Bill Carey was solid as a rock, and resolute when there was a need for action.  He started a revolution in Australia – a grass-roots revolution that began in the bush, and reverberated right across Australia.  It echoed through regional areas throughout the nation, and ended in the cities shaking the movers and shakers themselves.  It’s a well-known story in the Chandada [SA] region, starting in 1988 with the district celebrating an 18th birthday at the Chandada Hall.  However, there was a heavy overtone amongst farmers there, as there was in most of Australia.  

People spoke to Bill as a trusted friend at the party, and confided in him the financial trouble they were in after six years of drought on the Eyre Peninsula.  They would normally have taken this in their stride, save for interest rates blowing out from 12% to 22% and some 28% seemingly  overnight. This year, there were no prospects of planting a crop in a drought.  Banks had been greedy since the Hawke/Keating government’s deregulation in 1983.   They pushed out credit in an effort to “mark their territory”,  escalate profits for themselves, and incentivise managers to lend come hell or high water, and to hell with what they were doing to people.  Consequently, as land prices crashed, people found themselves with little or no equity, and debts worth more than the farm.

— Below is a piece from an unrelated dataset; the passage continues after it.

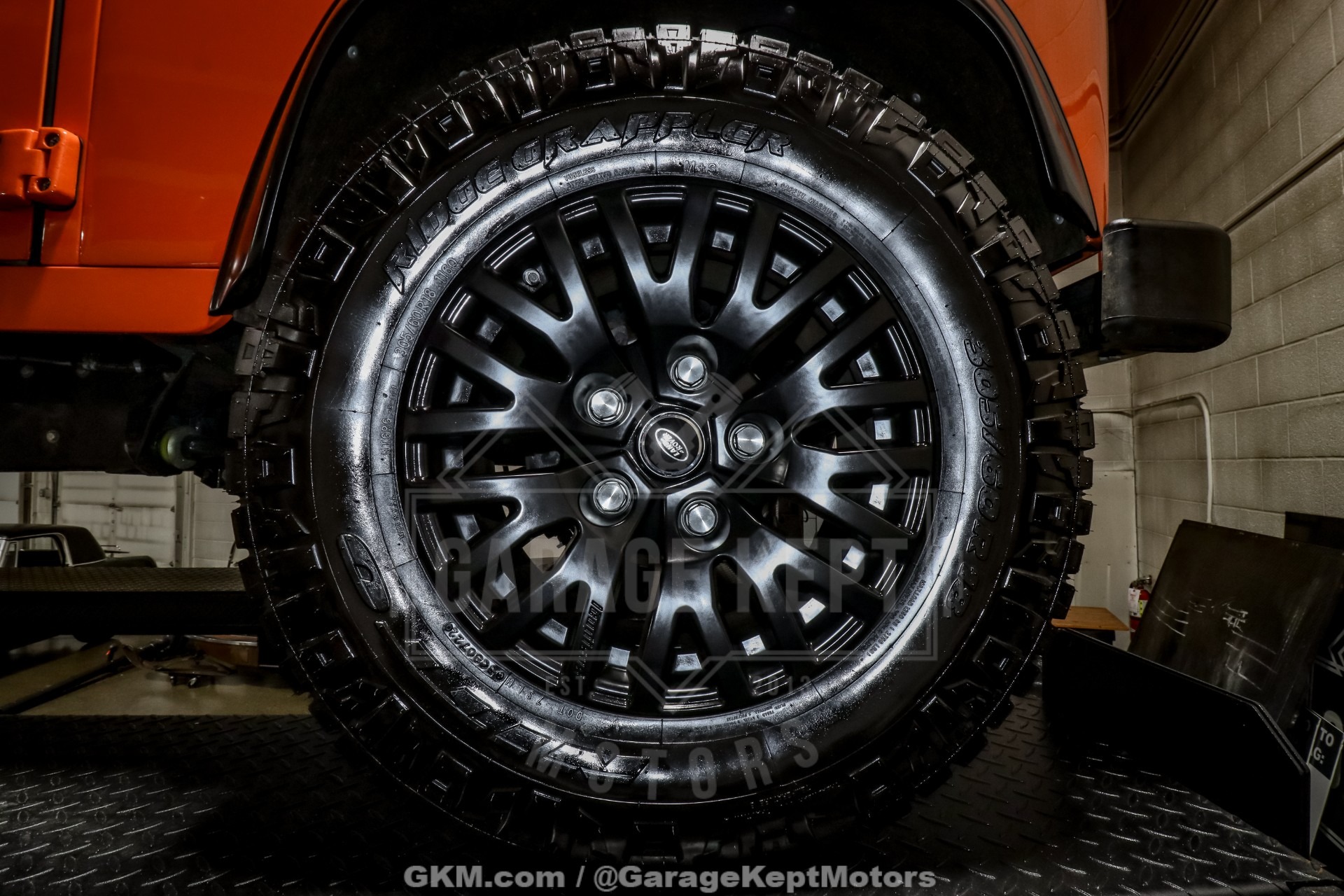 1993 Land Rover Defender 110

While Bill himself was in a position to ride out the drought, he could see the district being gutted and the devastating effect it would have on the community.  Both he and Trish felt sick to the core.  Knowing he had to try to do something about it, at supper Bill approached his good mate and neighbour Jim Cronin, from Deep Well Station, which was a farming operation Jim and his brother Pat operated.  Jim was an opal miner too, and was home from Cooper Pedy.  Jim, while a bit of a philosopher was also very practical, a clear thinker, well travelled and a man of action, so Bill invited him over for dinner the next night to discuss the havoc banks were threatening.  And so began an amazing era in Australian history ……………… right from Chandada which was to spread nation-wide.

Jim Cronan

It’s worth quoting from Jim’s book, Operation Bankwatch[1]:

After tea the next night when the Carey children had gone to bed, Bill was most direct and very specific about the actual financial situations which some of his neighbours had discussed with him. Bill expanded on the desperate plight facing Eyre Peninsula farmers. He spoke of the banks’ inflexibility; stating that dozens of families could be forced from their properties – some properties farmed by the same family for three generations or more. He started to count on his fingers those in real trouble who had spoken to him about their circumstances and said “the Minister for Agriculture, Kym Mayes, says there is no hope for these people. The Premier, John Bannon was here twelve months ago, wringing his hands, and blaming the banks, but nothing has been done since. The Federal Government won’t give us disaster relief because the State Government won’t declare the drought a natural disaster! They are not prepared to spend any money in assistance to instigate Federal Relief funding!”

Bill continued in a fiery tone, “The banks are going to pick these fellows off, one by one! No-one seems to care how many of them go! So we’ll have to help ourselves.” This sketchy outline was enough to make Jim ask himself, ‘What is Bill trying to do? He wants us to take on the world!’ But, there was no question – something had to be done to try to save these farmers!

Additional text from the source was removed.